WHAT IS NEEDED =
Your output should be everything below from the line containing "Bacitraycin Plus Original" down to the line containing "Chuao Chocolatier Choc", both ends included, copied exactly, with pictures left out.

RECORDS FOR THE EXERCISE =
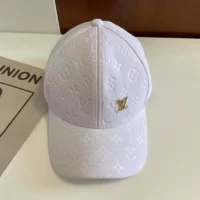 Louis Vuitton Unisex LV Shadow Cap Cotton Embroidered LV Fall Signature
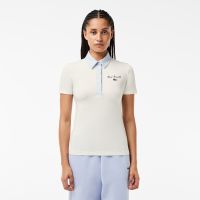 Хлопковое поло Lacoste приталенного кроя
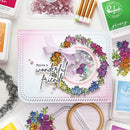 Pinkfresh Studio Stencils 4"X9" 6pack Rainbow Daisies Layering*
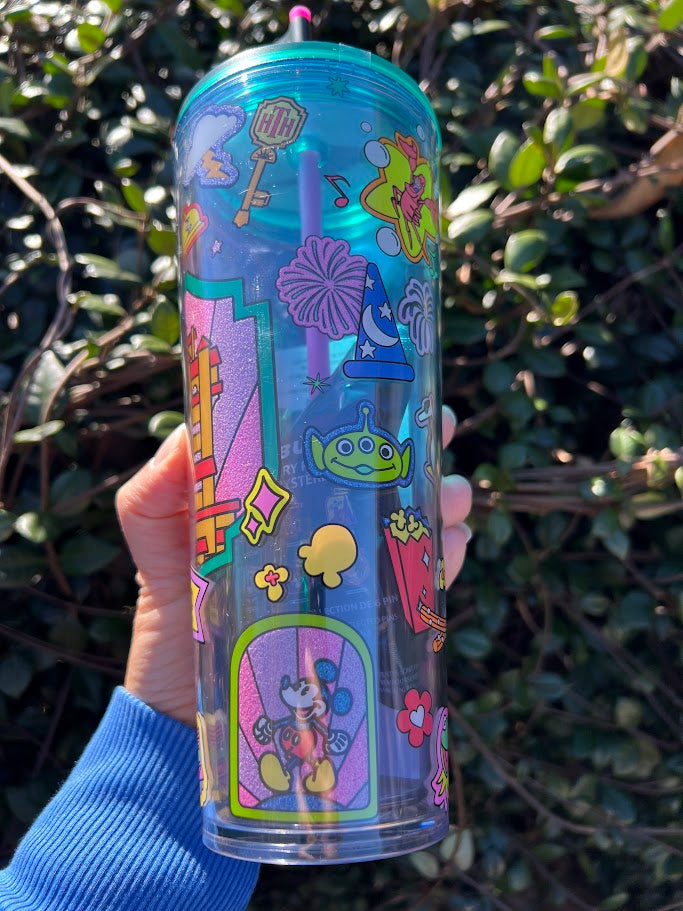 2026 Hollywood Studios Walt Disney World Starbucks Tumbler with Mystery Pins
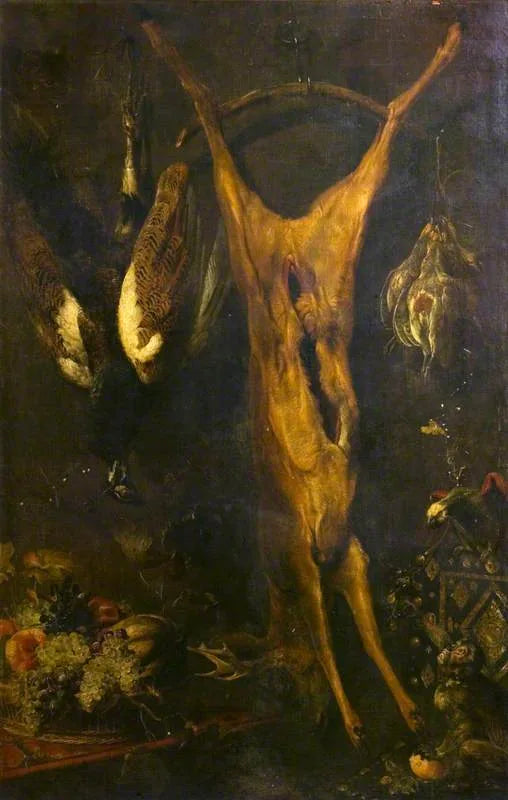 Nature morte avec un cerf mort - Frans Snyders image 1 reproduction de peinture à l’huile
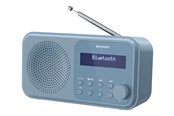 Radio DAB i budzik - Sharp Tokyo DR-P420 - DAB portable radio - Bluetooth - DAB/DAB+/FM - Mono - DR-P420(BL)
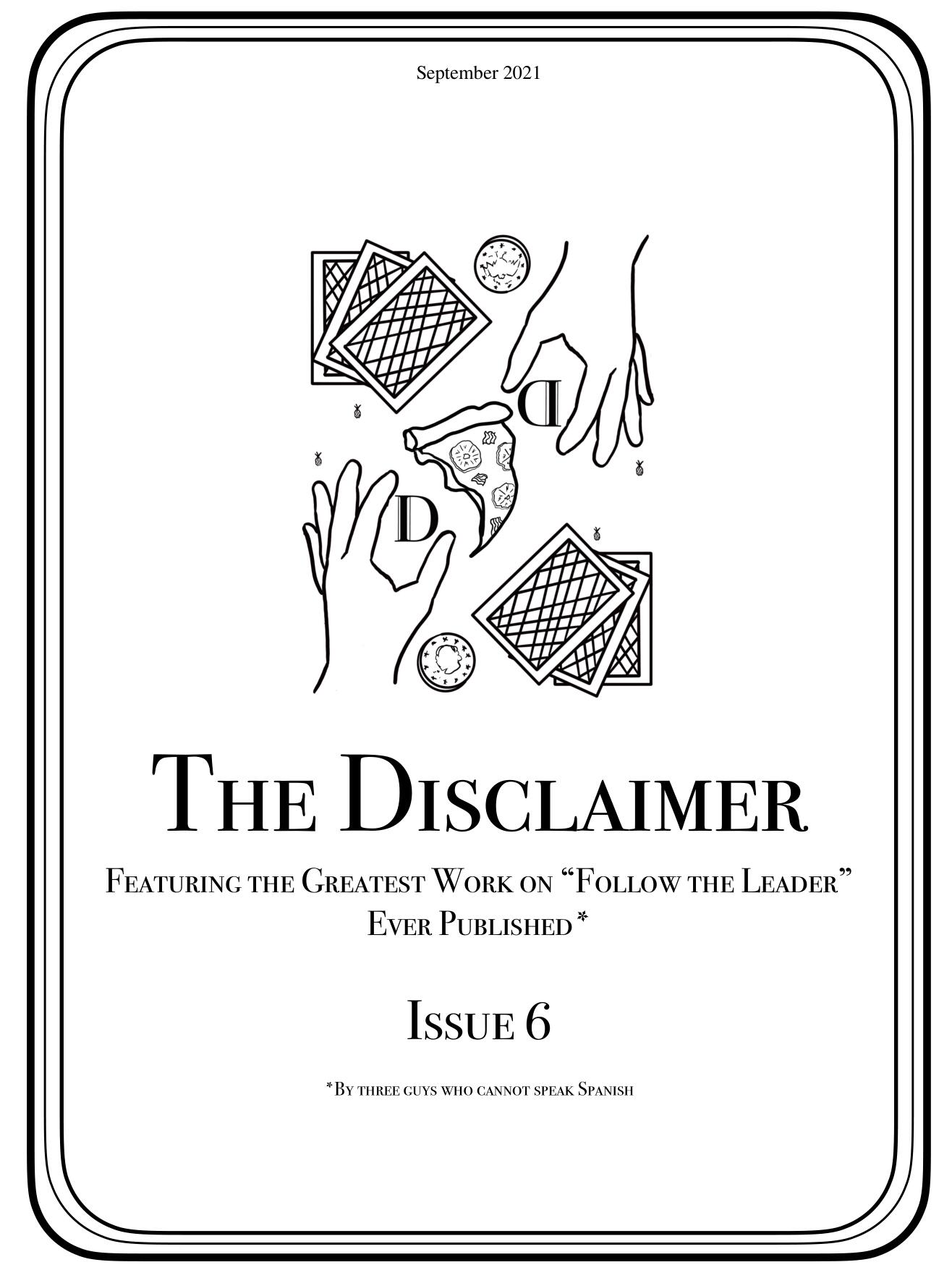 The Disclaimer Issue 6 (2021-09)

* * *

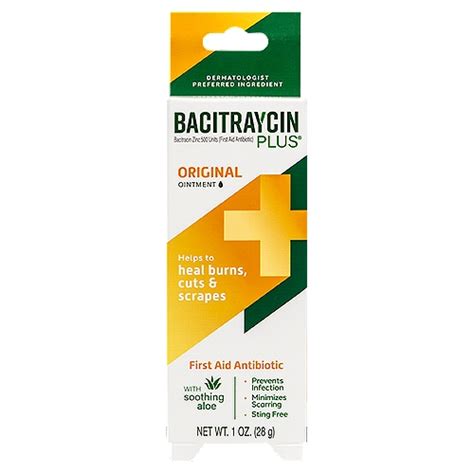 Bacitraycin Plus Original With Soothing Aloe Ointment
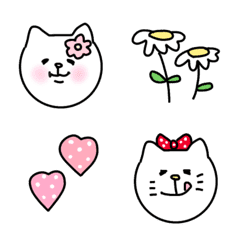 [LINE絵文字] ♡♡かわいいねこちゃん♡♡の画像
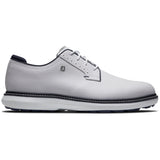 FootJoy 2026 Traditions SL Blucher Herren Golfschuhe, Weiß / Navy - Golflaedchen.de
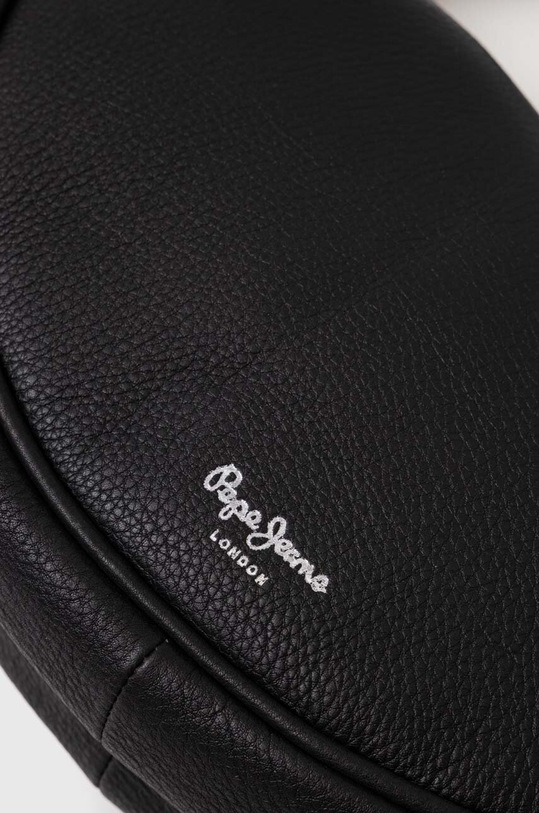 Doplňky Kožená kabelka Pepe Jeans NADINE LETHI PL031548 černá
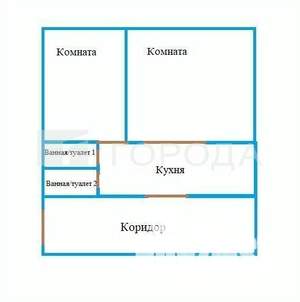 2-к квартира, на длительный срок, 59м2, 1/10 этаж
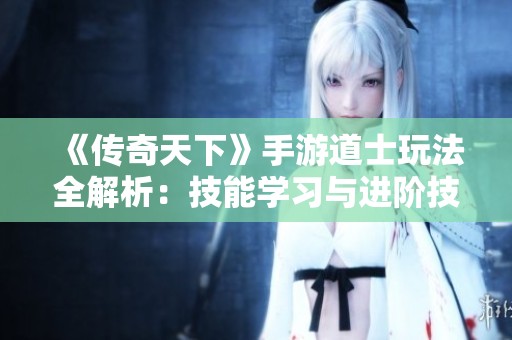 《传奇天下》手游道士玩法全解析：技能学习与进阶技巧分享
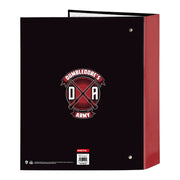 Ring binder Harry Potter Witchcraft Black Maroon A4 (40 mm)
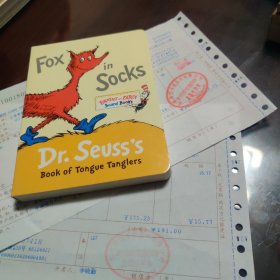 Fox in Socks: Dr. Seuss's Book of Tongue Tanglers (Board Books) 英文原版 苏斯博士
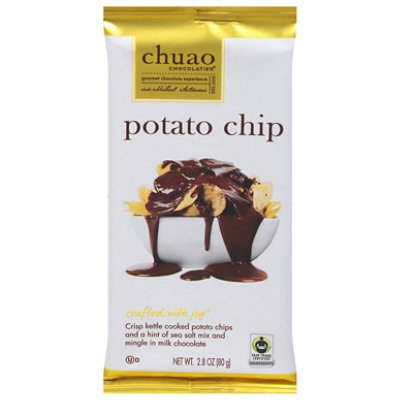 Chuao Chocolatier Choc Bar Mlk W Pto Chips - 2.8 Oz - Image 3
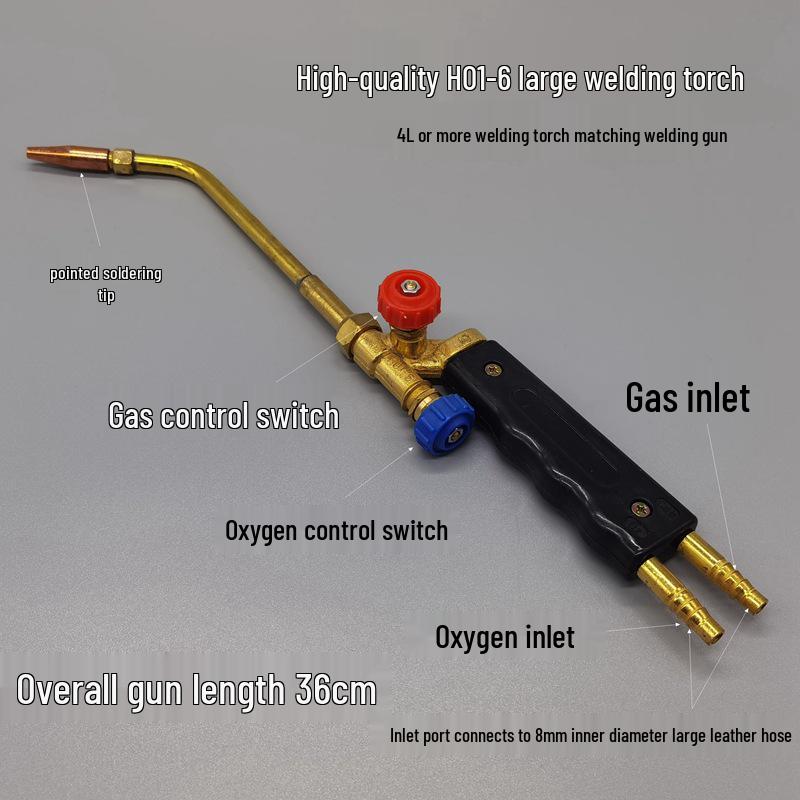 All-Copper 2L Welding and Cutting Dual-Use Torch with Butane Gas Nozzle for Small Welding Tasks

==

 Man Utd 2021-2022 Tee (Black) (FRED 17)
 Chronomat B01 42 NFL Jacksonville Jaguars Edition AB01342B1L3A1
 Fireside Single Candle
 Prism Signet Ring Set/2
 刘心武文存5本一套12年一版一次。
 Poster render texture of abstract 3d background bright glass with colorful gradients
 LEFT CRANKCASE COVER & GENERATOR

RESULT OF THIS EXERCISE =
 Bacitraycin Plus Original With Soothing Aloe Ointment
 [LINE絵文字] ♡♡かわいいねこちゃん♡♡の画像
 FootJoy 2026 Traditions SL Blucher Herren Golfschuhe, Weiß / Navy - Golflaedchen.de
 Doplňky Kožená kabelka Pepe Jeans NADINE LETHI PL031548 černá
 2-к квартира, на длительный срок, 59м2, 1/10 этаж
 《传奇天下》手游道士玩法全解析：技能学习与进阶技巧分享
 Ring binder Harry Potter Witchcraft Black Maroon A4 (40 mm)
 Fox in Socks: Dr. Seuss's Book of Tongue Tanglers (Board Books) 英文原版 苏斯博士
 Chuao Chocolatier Choc Bar Mlk W Pto Chips - 2.8 Oz - Image 3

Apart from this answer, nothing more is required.